Self-belief does it for the German after her win over Williams as she rallies past her higher-ranked opponent in the semi-finals.
Wimbledon: Lisicki beats Radwanska to reach first slam final
LONDON // A giddy Sabine Lisicki could barely contain her excitement after becoming the first German to reach the women's singles final at Wimbledon for 14 years.
Lisicki overpowered Agnieszka Radwanska to take the first set of today's semi-final on Centre Court, but the Polish fourth seed hit back to take the second and then went ahead in the third.
The German somehow summoned the strength to survive, breaking back before going on to record a 6-4, 4-6, 9-7 win after two hours and 18 minutes on court.
"It's unbelievable. The last few games were so exciting," said a smiling Lisicki, who beat Serena Williams earlier in the tournament.
"We were fighting, Agnieszka played so well throughout the match. It was a battle. I'm so happy to have won that.
"I fought with all my heart and believed I could still win no matter what the score was."
Lisicki was in a similar situation in her fourth-round match against Williams, winning in three after squandering a one-set lead.
"It was a little bit like that in the third set when I was down 3-0," Lisicki added on the BBC.

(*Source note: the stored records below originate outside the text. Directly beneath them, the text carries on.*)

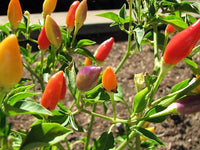 25 BOLIVIAN RAINBOW PEPPER Multi Colored Chili Capsicum Annuum Vegetable Seeds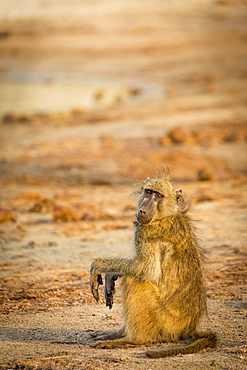 Chacma Baboon (Papio ursinus) sitting on the ground in the evening light, Chobe National Park, Chobe River, Botswana, Africa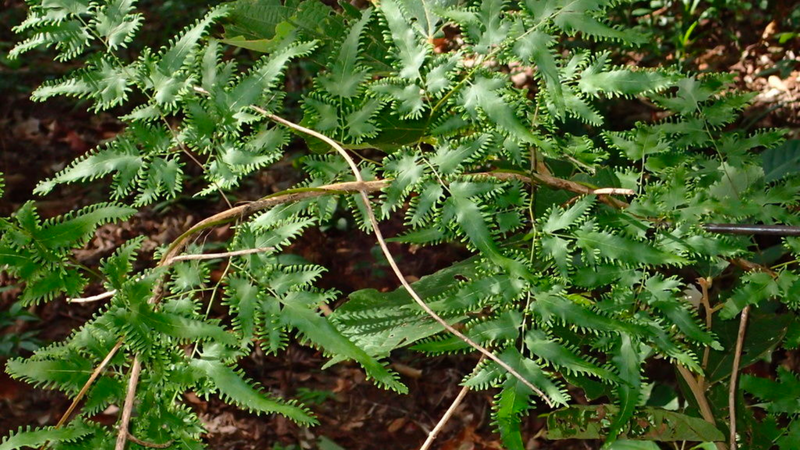 Cao bòng bong - Nhà thuốc FPT Long Châu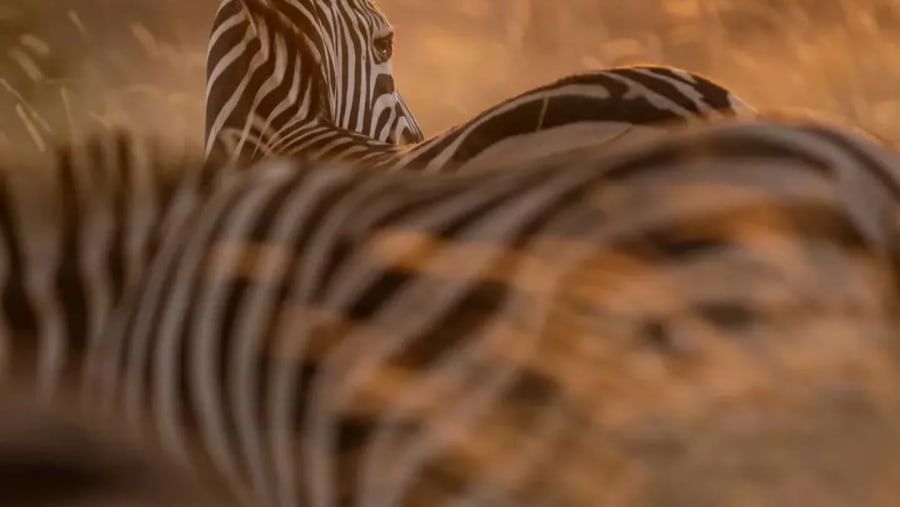 Zebras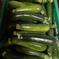 【訳あり】ズッキーニ　群馬県東吾妻町産　13kg ズッキーニ　13kg 野菜/ズッキーニ通販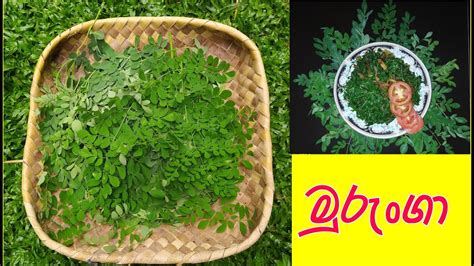 MORINGA - මුරුංගා - Murunga Kola - healthy leaves -drumstickLeaves ...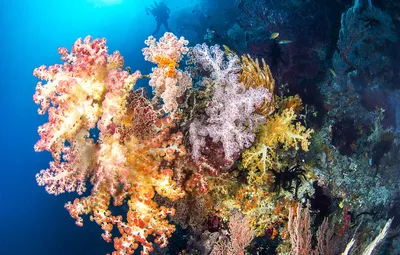 Обои море, рыбки, кораллы, силуэт, аквалангист, подводный мир картинки на  рабочий стол, раздел природа - скачать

"I thought, 'Okay, you did it against Serena so you can do it today as well'. "It gave me so much confidence. I'm so, so happy I was able to finish it.
"Wimbledon is my favourite tournament, I love it so much and I love being in England. I cannot believe I'm in the final."
Tomorrow's match against Marion Bartoli will be Lisicki's first appearance in a grand slam final.
It will also be the first time that a German has reached a grand slam singles final since 1999 when Steffi Graf lost to Lindsay Davenport.
"Steffi wished me luck before the match," Lisicki said. "I haven't thought about the final. I'll be happy for today and I can re-focus tomorrow."
Radwanska, last year's runner-up, defended her abrupt, cool handshake with Lisicki at the net.
"What should I do? Dance?," she said, aware that with Williams, Maria Sharapova and Victoria Azarenka out of the tournament, a golden opportunity for a maiden Grand Slam title had passed her by.
"I wasn't quick enough. I had played a lot of tennis and if the semi-final was played in two days' time it would be a different match."